I didn’t upload the file. But since the identical Beam code, when running in 
Spark local mode, was able to fetch the file and process it, the file does 
exist.
It’s just that somehow Spark standalone mode can’t find the file.


> On Jan 23, 2017, at 4:50 PM, Amit Sela <[email protected]> wrote:
> 
> I think "external" is the key here, you're cluster is running all it's 
> components on your local machine so you're good.
> 
> As for GS, it's like Amazon's S3 or sort-of a cloud service HDFS offered by 
> Google. You need to upload your file to GS. Have you ?  
> 
> On Mon, Jan 23, 2017 at 11:47 PM Chaoran Yu <[email protected] 
> <mailto:[email protected]>> wrote:
> Well, my file is not in my local filesystem. It’s in GS. 
> This is the line of code that reads the input file: 
> p.apply(TextIO.Read.from("gs://apache-beam-samples/shakespeare/* <>"))
> 
> And this page https://beam.apache.org/get-started/quickstart/ 
> <https://beam.apache.org/get-started/quickstart/> says the following:
> "you can’t access a local file if you are running the pipeline on an external 
> cluster”.
> I’m indeed trying to run a pipeline on a standalone Spark cluster running on 
> my local machine. So local files are not an option.
> 
> 
>> On Jan 23, 2017, at 4:41 PM, Amit Sela <[email protected] 
>> <mailto:[email protected]>> wrote:
>> 
>> Why not try file:// instead ? it doesn't seem like you're using Google 
>> Storage, right ? I mean the input file is on your local FS.
>> 
>> On Mon, Jan 23, 2017 at 11:34 PM Chaoran Yu <[email protected] 

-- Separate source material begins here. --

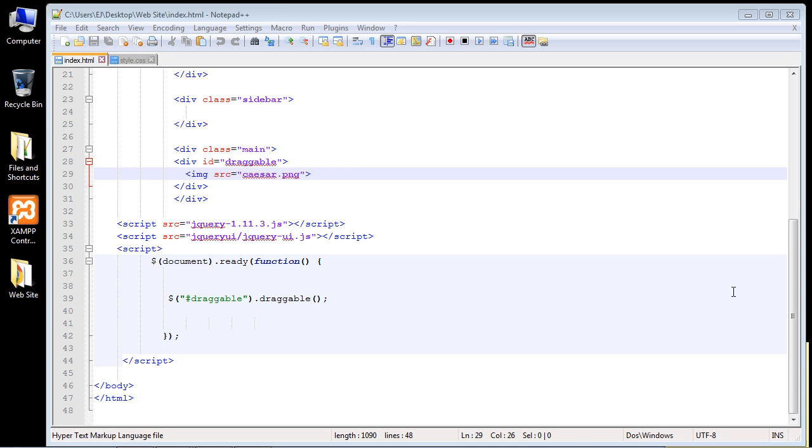Okay, we're going to pick up right where we left off in the last video. In this video we're going to create multiple images that we can drag around in our web page. So we just did one file, and that of course was this caesar.png. Again, we're going to add multiple files in this video.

>> <mailto:[email protected]>> wrote:
>> No I’m not using Dataproc.
>> I’m simply running on my local machine. I started a local Spark cluster with 
>> sbin/start-master.sh and sbin/start-slave.sh. Then I submitted my Beam job 
>> to that cluster.
>> The gs file is the kinglear.txt from Beam’s example code and it should be 
>> public. 
>> 
>> My full stack trace is attached.
>> 
>> Thanks,
>> Chaoran
>> 
>> 
>> 
>>> On Jan 23, 2017, at 4:23 PM, Amit Sela <[email protected] 
>>> <mailto:[email protected]>> wrote:
>>> 
>>> Maybe, are you running on Dataproc ? are you using YARN/Mesos ? do the 
>>> machines hosting the executor processes have access to GS ? could you paste 
>>> the entire stack trace ?
>>> 
>>> On Mon, Jan 23, 2017 at 11:21 PM Chaoran Yu <[email protected] 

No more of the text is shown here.